November 2, 2016 Reverend Cody J. Nielsen

Throughout its history, campus ministry and chaplaincy work have focused on helping students to find a home away from home throughout their time in college. Through religious communities of practice, students have time and time again found places where they can process life’s big questions while going through the transformational experience that is college. In higher education, this has meant something bigger, retention of the student and better rates of persistence. 

The University of California Los Angeles (UCLA) study of spirituality and higher education seeking understanding of how spirituality affects the student experience on campus, found that students who are religiously practicing during college have better rates of both of these important issues than those who are not engaged on campus. (Astin, A.S. Astin, H.S. & Lindholm, J.A., 2011).Obviously religious practice is not the only factor that increases retention, but certainly, when paired alongside other forms of engagement, religious practice has a significant part to play in helping students to graduate through their programs.  Why?

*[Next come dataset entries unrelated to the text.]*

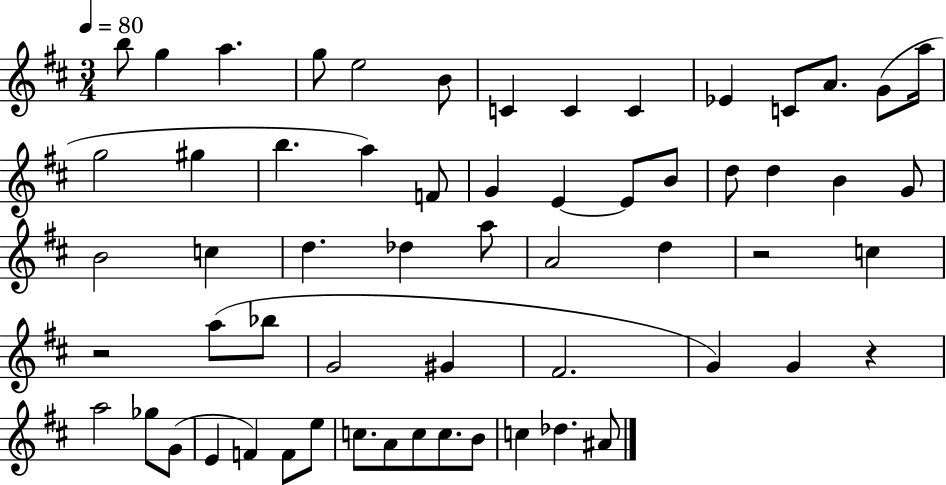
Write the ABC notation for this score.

X:1
T:Untitled
M:3/4
L:1/4
K:D
b/2 g a g/2 e2 B/2 C C C _E C/2 A/2 G/2 a/4 g2 ^g b a F/2 G E E/2 B/2 d/2 d B G/2 B2 c d _d a/2 A2 d z2 c z2 a/2 _b/2 G2 ^G ^F2 G G z a2 _g/2 G/2 E F F/2 e/2 c/2 A/2 c/2 c/2 B/2 c _d ^A/2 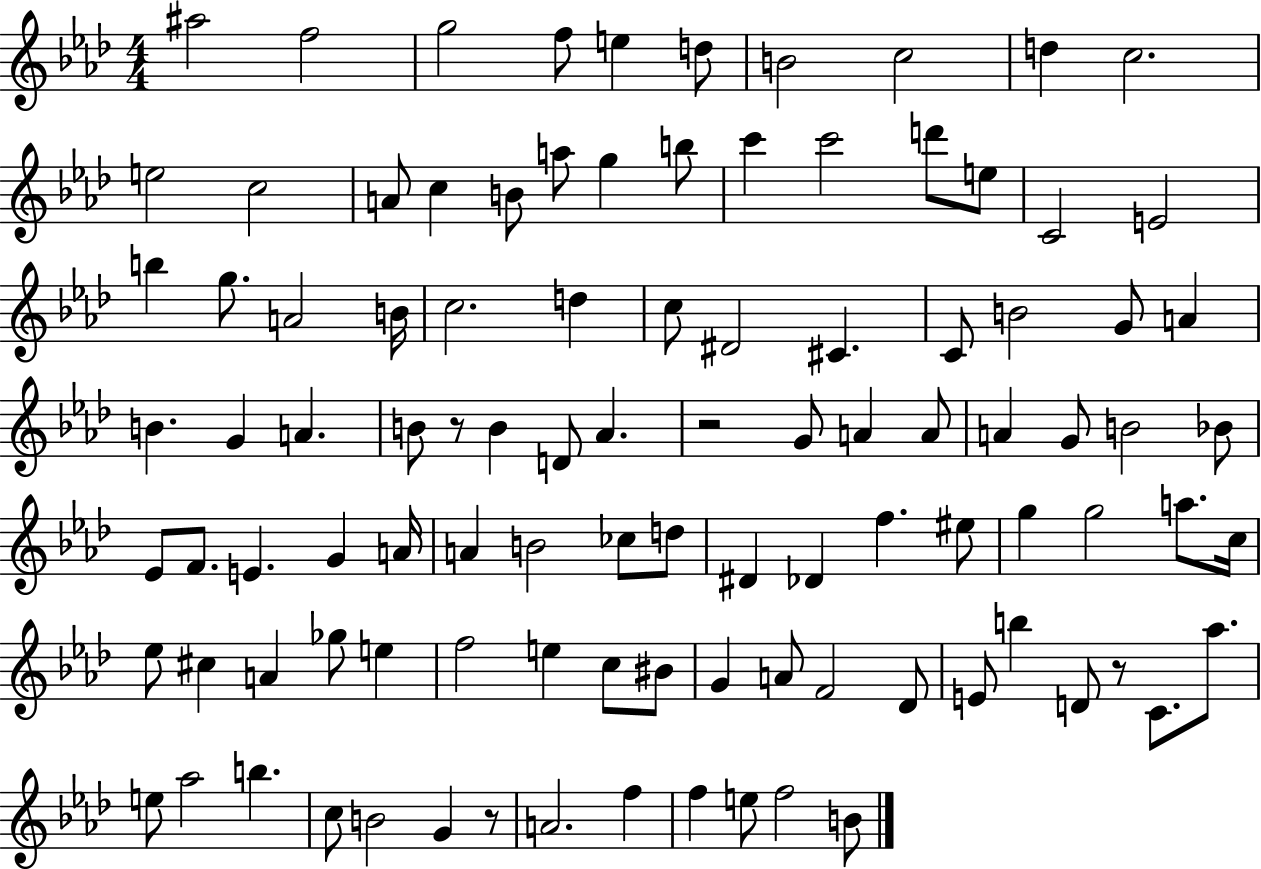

A few years ago, while doing a national research study looking at different forms of religious practice on campus, I started to ask students a variation of this question. What emerged were numerous conversations about how students felt as though they had a community that was there for them when times were tough. Staff who could help navigate difficult financial situations, peers who could support them when stress overtook their lives and encouragement from communities overall were just a few of the many statements made by these students. Students also remarked that the ability to “be themselves” and “practice their beliefs openly” were important to their overall experience and feeling as though the school was the right fit for them.

On our campuses, we have a chance to provide safe environments for our students to explore their lives and decide how they will offer themselves to the world. Making it from start to finish in college is, of course, one of the most important aspects of the overall experience. 

 Few if any professionals on a college campus have a greater long-term exposure to students than religious life professionals. This can prove to be the factor that helps these students make it through the challenging experience of college. And if we can encourage our students to keep fighting through the difficult times, we will have better prepared them for the world that awaits them.

Over the past couple of months, we’ve spend time looking at a number of areas of higher education that I believe religion and religious practice can intersect.These are but a few of the many ways that religious, secular, and spiritual identities are important to the college experience. As our work continues, I encourage us to consider what happens next on our campus regarding this work. We can put on blinders and ignore the realities that religion is a part of the world or we can find ways to effectively embrace this aspect of diversity, working toward creating campus climates that accommodate as needed and then build intersectional opportunities for engagement with students. In doing so, we might just find opportunities we’ve never conceived and solve issued we’ve never imagined. Religion is not a monolith; it is part of the mosaic that seeks to help students through the most transformative moments of their lives. 

Sources:

Astin, A. W., Astin, H. S., & Lindholm, J. A. (2011). Cultivating the spirit: How college can enhance students' inner lives. San Francisco: Jossey-Bass.